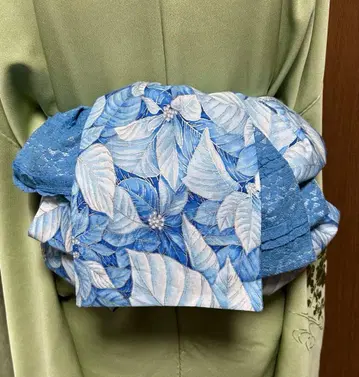 성인용 헤코비, 블루 포인세티아 패턴, 리버서블 긴 기장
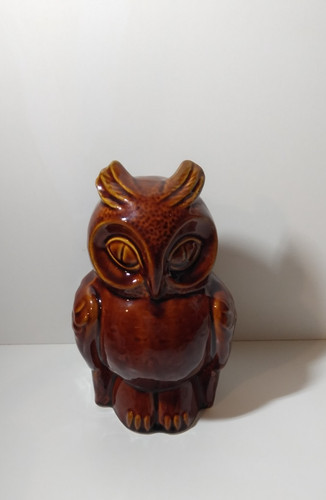 Dartmouth owl money box - owl,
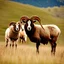 Placeholder: Longhorn sheep meet bighorn cattle.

**Problem to work on**
Only the lines from the line with "Dartmouth owl money" through the closing line of the data, both included, should be set down, exactly as written and without pictures.

**The completed task**
 Dartmouth owl money box - owl,
 Placeholder: Longhorn sheep meet bighorn cattle.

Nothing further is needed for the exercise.